You shouldn't need a system like that to solve this problem though. I really haven't looked at how other emulators like MAME and Gens manage synchronization issues, but all you should need is a running counter of some kind which you can directly relate to the Z80, M68000, and YM2612, and is high resolution enough to record the times you need. It could be as simple as a running cycle counter based on the system clock, as the clock for every chip will be a clean division from this clock source. You could store a copy of the counter indicating what it was up to the last time you advanced the YM2612 core, and from that stored value, you'll know when each buffered write should be committed.

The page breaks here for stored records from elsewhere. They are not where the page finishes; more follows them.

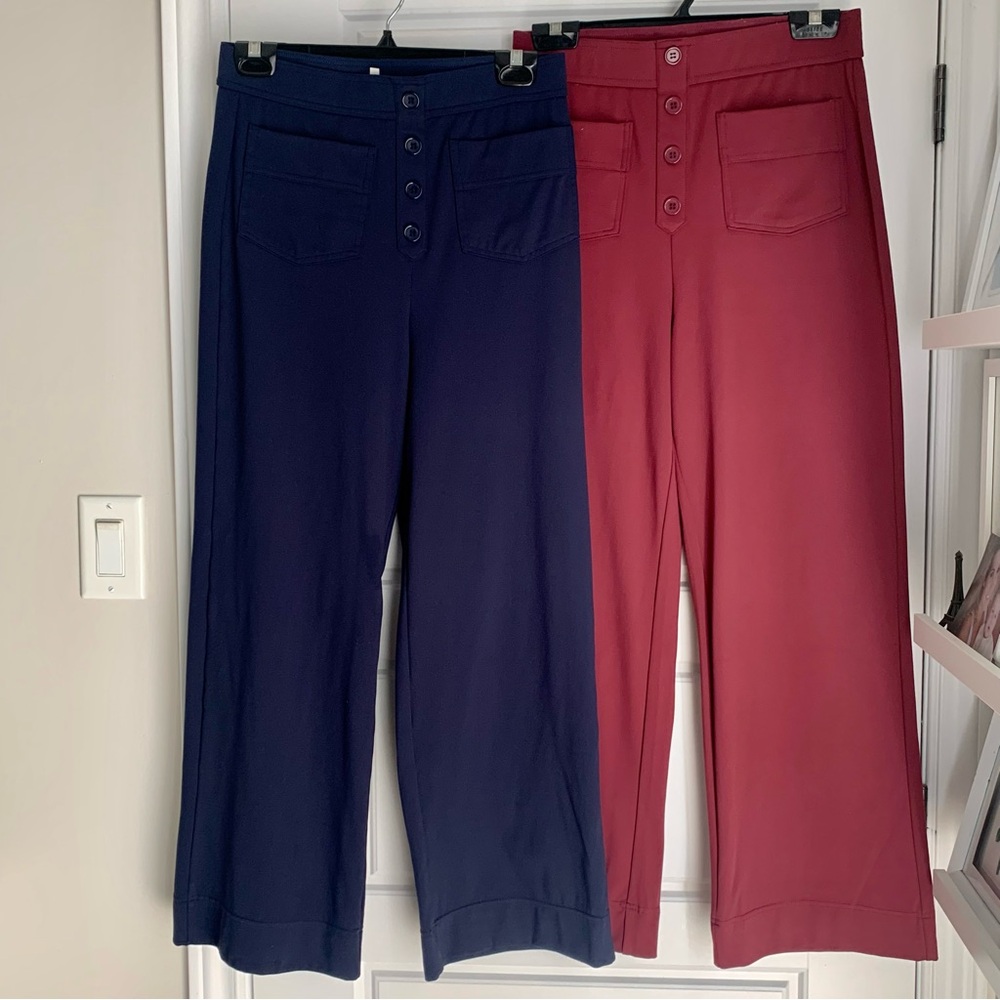 2 for 1- Halara DayStretch High Waisted Pockets Strait Leg Pants - Medium Petite
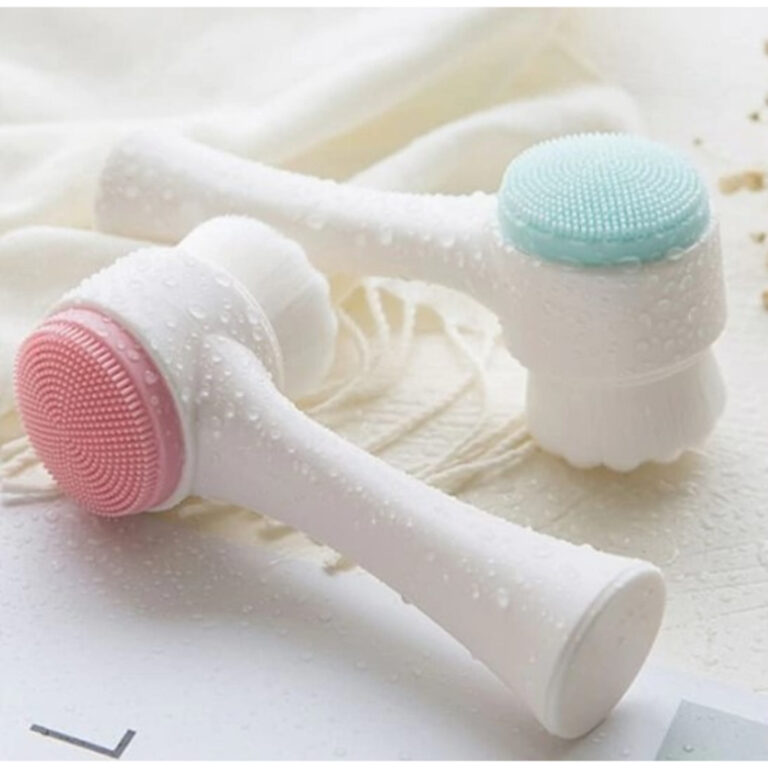 Escova Limpeza Facial 2 Em 1 Aparelho Massagem Esp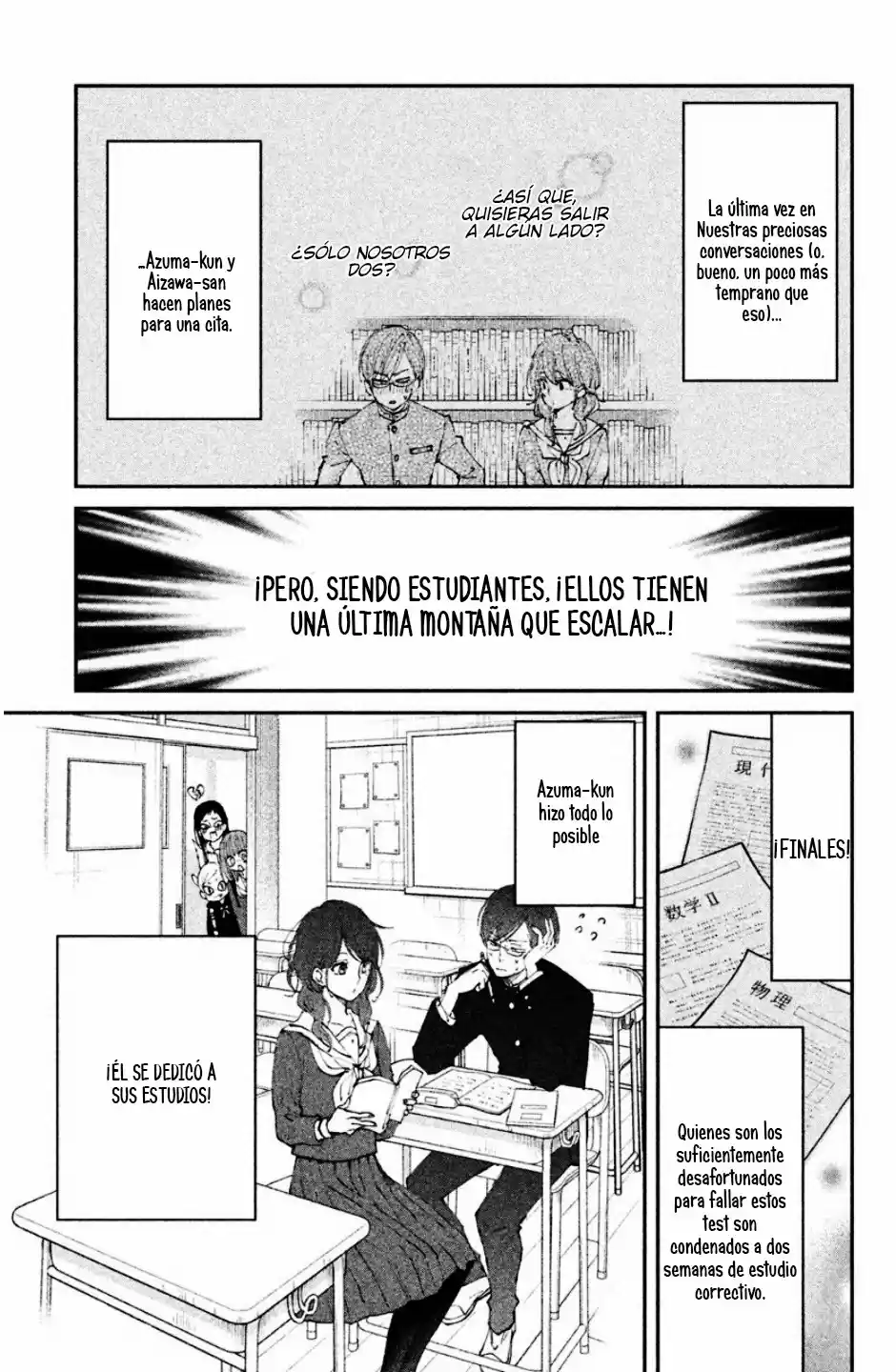 Boku To Kimi No Taisetsu Na Hanashi - Capítulo 29 - Página 3 - LectorTMOo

In terms of the buffering itself, well, in my emulator I spent months designing and optimizing a generic thread-safe container to solve this problem. The container is like an array, except that it is able to store and return the correct value for any address over a range of time. When reading from or writing to the buffer, you pass a timestamp. The buffer itself has a "committed" baseline, which is just an array. On top of this, it stores a sorted list of writes that have occurred past the baseline. The YM2612 audio thread works from the baseline, and advances it in steps as it executes. As buffered writes are committed, the new value is written into the array. Reading committed data is as fast as reading from a raw array. Adding new writes to the buffer only requires adding a small structure to a linked list. Ad-hoc reads past the committed state are relatively slow (requires iteration of the buffer), but can be performed. I've only had to use them so far for the VDP when the external chip reads data from VRAM, which is a rare operation.
I only designed a system like this because I wanted to be able to solve the "unsolvable" timing problems. It's allowed me to implement support for things like mid-line changes to VRAM, and even emulate the flicker bug on CRAM writes. It is VERY accurate, but it's also VERY slow. At this point in time, my emulator doesn't run full speed on a core 2 duo E6750, and that's with each active core running in a dedicated thread. You wouldn't want to try playing a game in it. My emulator is entirely focused on debugging, reverse engineering, hardware prototyping, etc. Being able to play games full speed would just be an added bonus. Maybe in a few years time.
Again, this is overkill for this particular problem. For DAC in Regen, I'd suggest a running cycle counter like I mentioned above, and a simple linked list which for each entry stores the cycle counter at the time of the write, and the new value written. The Z80 or M68000 add new entries to the list when they write to the DAC data register, and when you advance the YM2612, you read the entries in the list and apply them. The only things you'll need to do are probably sort the linked list by write time (in case M68000 and Z80 both try and access it), and deal with the case where the cycle counter overflows.